Figure 1: GFP fluorescence of IFFL optimized construct and unregulated GFP under T7sp1 promoter in E. coli BL21 DE3 at different IPTG concentrations.
When compared to uncontrolled GFP, the IFFL clearly exhibited steady expression in the range of 0 to 1 mM IPTG concentrations.
Robustness to strength of promoter variations was also demonstrated by comparing IFFL circuits with the same T7 promoter variant in each gene.
As it can be observed, both native strength and medium strength T7 promoter versions of our IFFL exhibited simmilar fluorescence. Furthermore, tunability was shown by the change in promoter strength ratios (weak promoter in TALEsp1 repressor).The data corroborates with the effective repression of our novel TALE regulated T7 promoters. For more details click here.
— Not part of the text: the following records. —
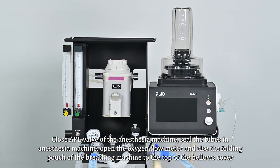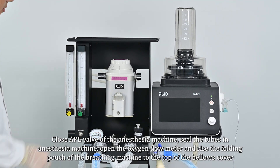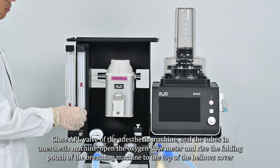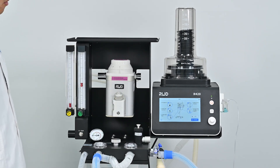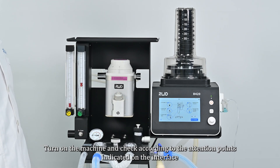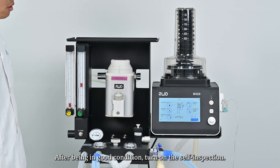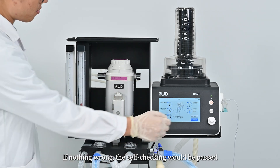Close the APL valve of the anesthesia machine, seal the tubes in the anesthesia machine, open the oxygen flow meter, and raise the folding pouch of the breathing machine to the top of the bellows cover. Turn on the machine and check according to the attention points indicated on the interface. Then start the self-inspection; if nothing is wrong, the self-check will pass.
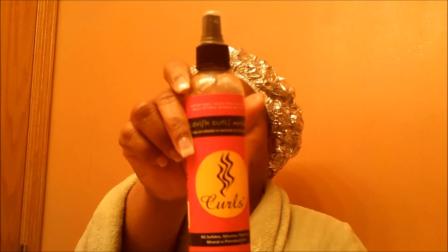The next one is Curls Lavish Curls Moisturizer. I don't use this straight out of the bottle — I pour it into my refresher, which usually has any conditioner I feel like putting in, along with some water and aloe vera juice, and that's what I spritz my hair with to refresh. It has no sulfates, silicones, parabens, mineral oil, or petroleum oils, and I believe this is the one that's in Target.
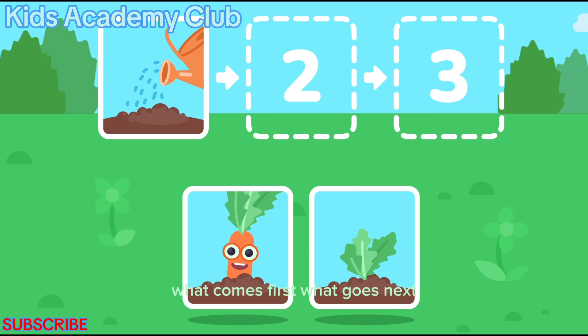What comes first? What goes next? Put the pictures in the correct order.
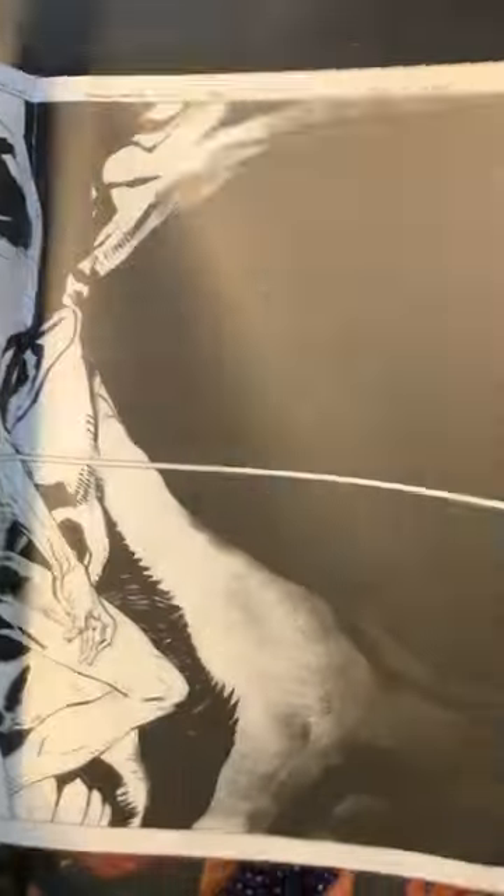I've been collecting a lot of gallery and artist editions of books. If you like this, I can post more of the books I'm getting. Thanks for watching.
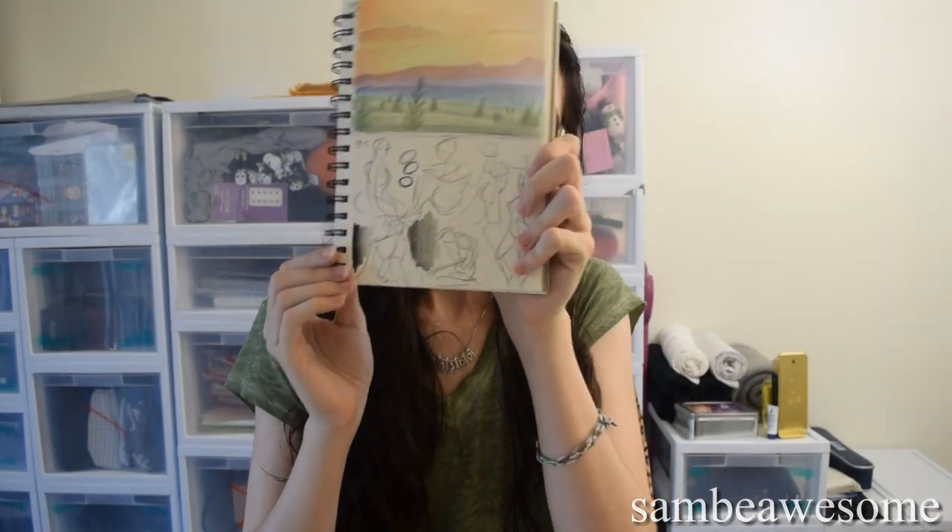If you've ever tried Artist's Loft colored pencils, let me know how your adventures went in the comments below. If you have any advice for me — since I'm not a colored pencil artist and probably won't do much colored pencil work in the future — feel free to leave advice in the comments. I think that's it for this video. Hopefully you guys enjoyed it, have an awesome rest of your day, and I'll see you guys very soon. Thanks so much for watching. Bye!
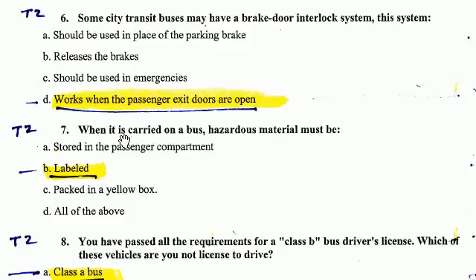Number 7. When it is carried on a bus, hazardous materials must be labeled. They must be labeled.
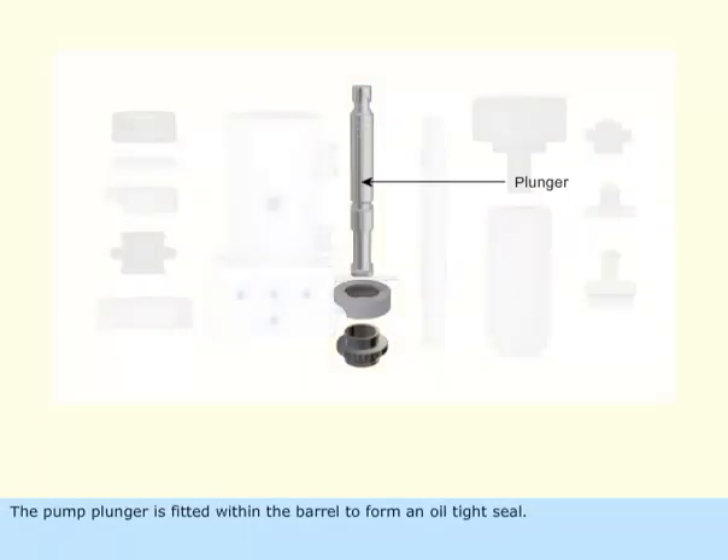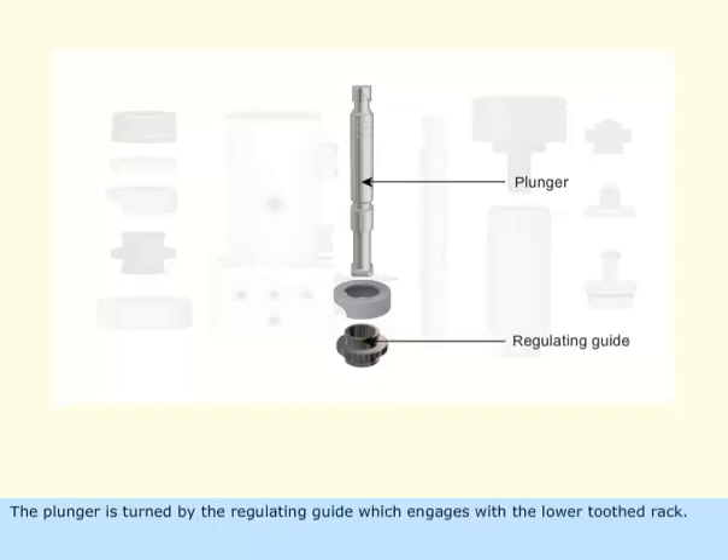The pump plunger is fitted with the barrel to form an oil-tight seal. The plunger is turned by the regulating guide, which engages with the lower toothed rack. The position of the plunger determines the amount of oil injected into the cylinder.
Cross-species gene expression stabilization
We have succeeded in cloning a broad host range promoter version of our IFFL in Pseudomonas putida for comparison with E. coli, as well as negative control constitutive promoter.
Figure 2: Design of our broad host range transcription iFFL for the stabilization of expression across organisms. The system was tested in E. coli and P. putida.
We observed a reduction in both absolute and relative differences of gene expression levels. Although these constructs are influenced by a multiple variables, we believe, however that this is a right step in the direction of stabilization across organisms, although further calibration of the system for higher expression would be useful. Also, we have successfully engineered a constitutive promoter which functions effectively in both E. coli and P. putida.